Oil and Gas: Protecting LNG project and feed-gas supply from State interference


A recent award rendered by a tribunal acting under the auspices of ICSID, the World Bank’s arbitration institution, in Union Fenosa Gas S.A. v Arab Republic of Egypt, provides further guidance for companies in the energy sector to ensure that selected contracting structures take advantage of favourable protections under applicable international investment agreements, such as bilateral or multilateral investment protection treaties. The ruling clarifies the benefits of contractual structuring that ensures: (i) that the investment falls within the scope of an applicable investment protection treaty; and (ii) the receipt of express undertakings from the host State so as to protect contractual obligations against State interference.

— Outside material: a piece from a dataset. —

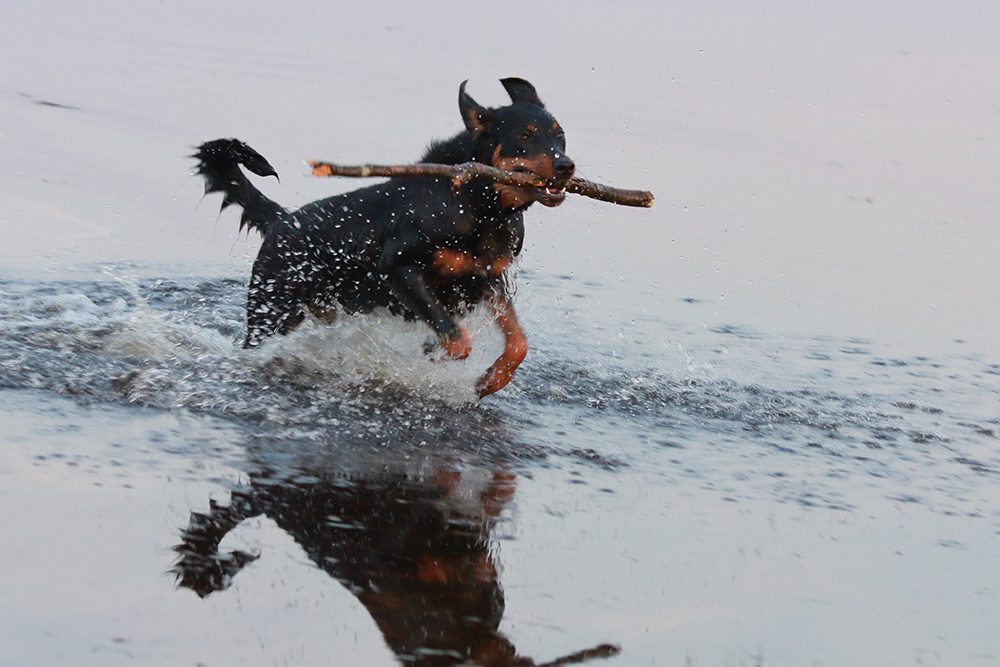 hondenbenodigdheden-honden-benodigdheden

In this case, a letter of undertaking from the Egyptian Government, procured pursuant to a gas sales agreement to which the government was not party, ensured that Union Fenosa Gas S.A. was entitled to compensation when Egypt promulgated policies that required the gas seller to discriminate against providing gas to LNG exporters in favour of domestic consumption. As the actions of the State undermined the economic viability of the LNG project, the undertaking received from the State under the project documentation turned out to be critical.


The Claimant (“Union Fenosa”) (which has now been acquired by another company), was a Spanish company carrying out the liquefaction, shipping, regasification and commercialisation of natural gas. Between 2002 and 2005, an LNG plant in Damietta, Egypt, was constructed by SEGAS, a special purpose entity to which Union Fenosa (80%) as well as Egyptian state-entities EGAS (10%) and the Egyptian General Petroleum Company (“EGPC”) (10%) were shareholders.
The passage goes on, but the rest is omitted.